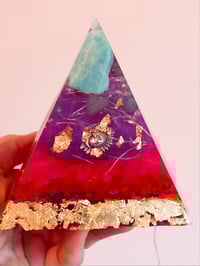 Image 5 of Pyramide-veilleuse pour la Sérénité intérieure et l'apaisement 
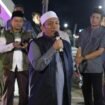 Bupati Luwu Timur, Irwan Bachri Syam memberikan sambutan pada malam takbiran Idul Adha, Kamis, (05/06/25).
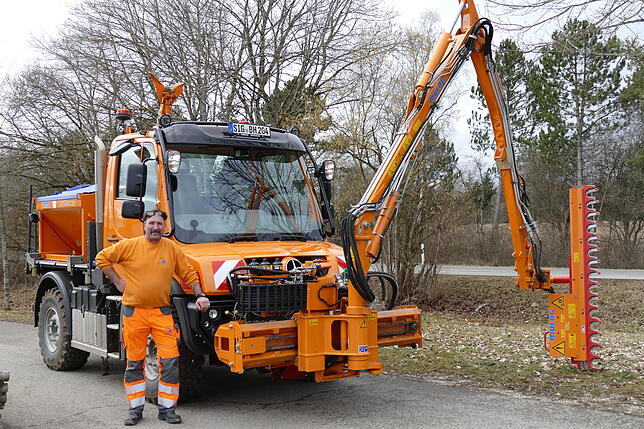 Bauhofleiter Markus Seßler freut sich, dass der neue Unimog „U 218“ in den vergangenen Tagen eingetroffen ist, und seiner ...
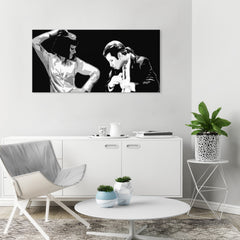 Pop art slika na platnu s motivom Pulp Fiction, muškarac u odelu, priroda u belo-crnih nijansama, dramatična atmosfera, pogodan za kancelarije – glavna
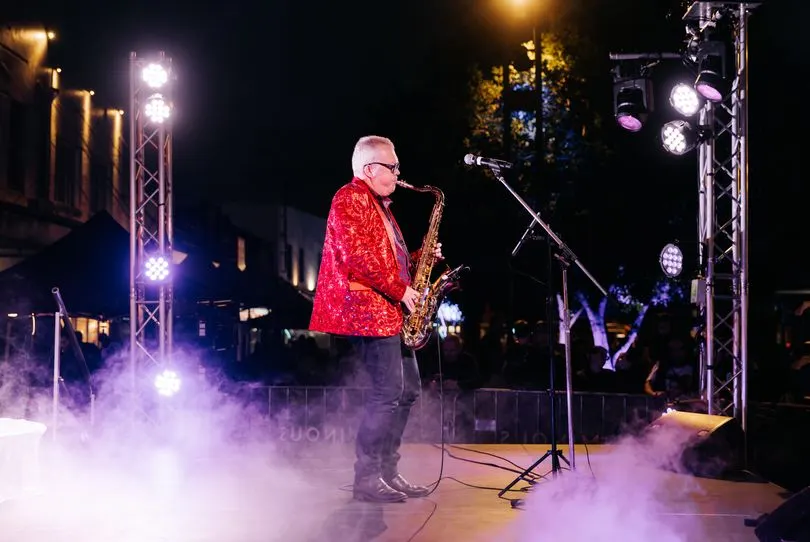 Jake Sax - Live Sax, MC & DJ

════

- **TASK PROMPT**
Could you print the data exactly as it appears and keep the pictures out?

- **WORKED SOLUTION**
 Image 5 of Pyramide-veilleuse pour la Sérénité intérieure et l'apaisement 
 Bupati Luwu Timur, Irwan Bachri Syam memberikan sambutan pada malam takbiran Idul Adha, Kamis, (05/06/25).
 Bauhofleiter Markus Seßler freut sich, dass der neue Unimog „U 218“ in den vergangenen Tagen eingetroffen ist, und seiner ...
 Pop art slika na platnu s motivom Pulp Fiction, muškarac u odelu, priroda u belo-crnih nijansama, dramatična atmosfera, pogodan za kancelarije – glavna
 Jake Sax - Live Sax, MC & DJ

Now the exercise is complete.